→ DATASET EXTRACT

..........

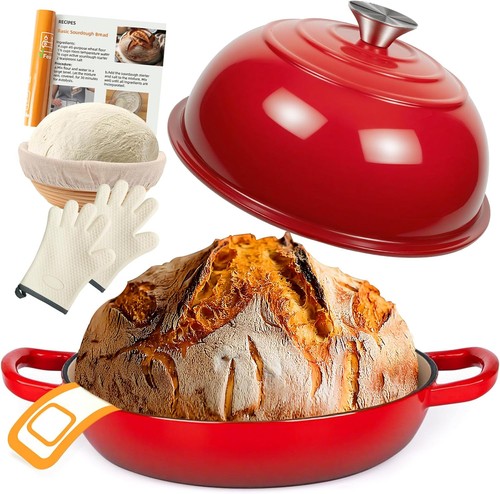 Gusseisen topf brot backen - topf,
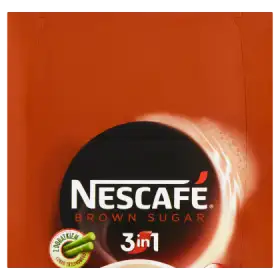 Nescafé 3in1 Brown Sugar Rozpuszczalny napój kawowy 476 g (28 x 17 g)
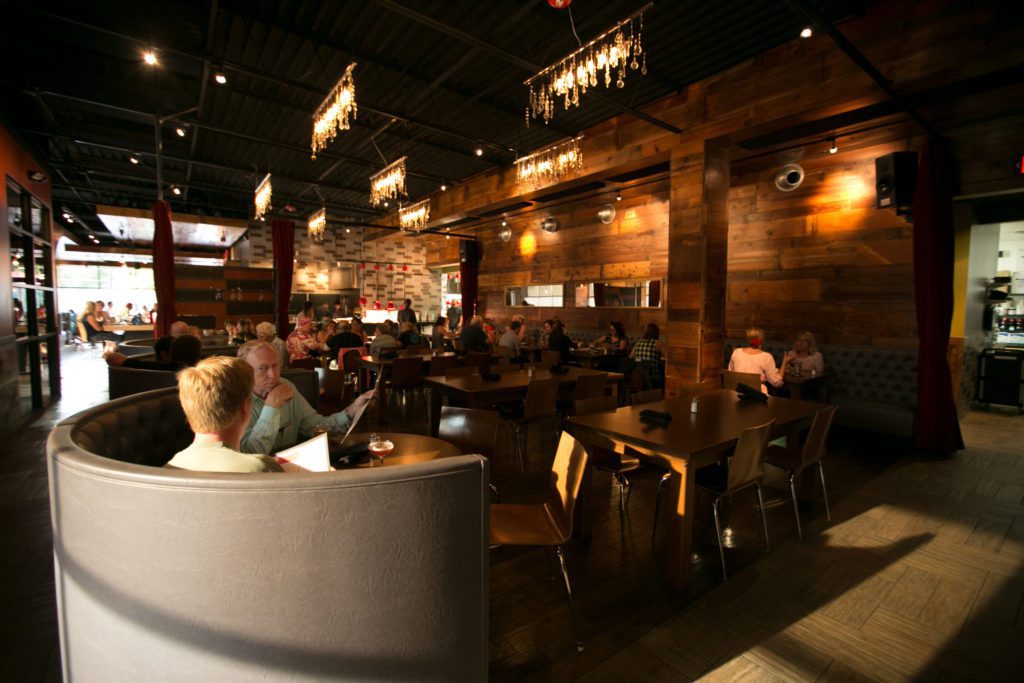 Interior of Eatery A in Des Moines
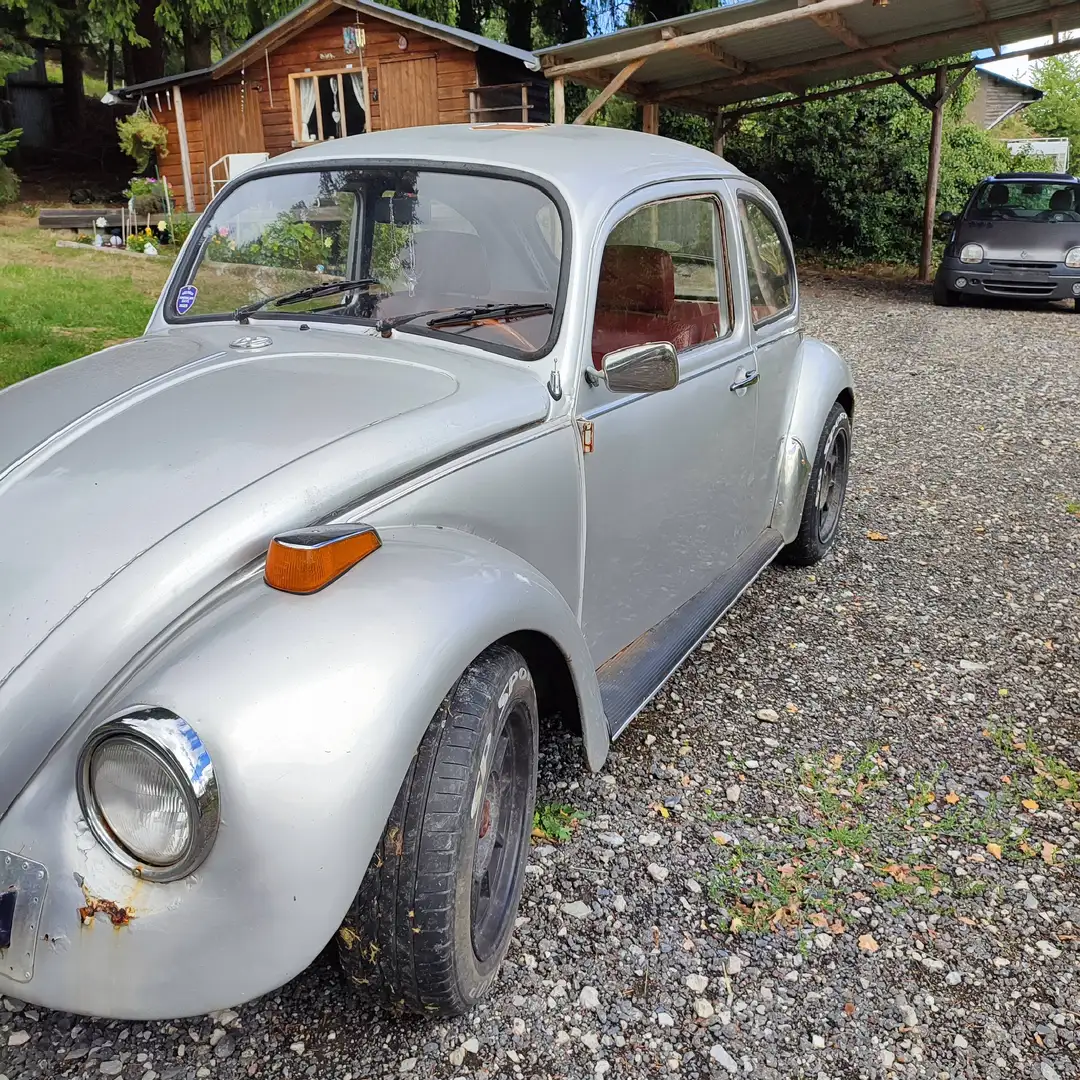 Oldtimer Volkswagen COX 1300 Silber - 1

..........

→ WORK ORDER
Only the pictures are to be left out, and all of the data must otherwise be transcribed exactly.

→ ANSWER TO THE PROBLEM
 Gusseisen topf brot backen - topf,
 Nescafé 3in1 Brown Sugar Rozpuszczalny napój kawowy 476 g (28 x 17 g)
 Interior of Eatery A in Des Moines
 Oldtimer Volkswagen COX 1300 Silber - 1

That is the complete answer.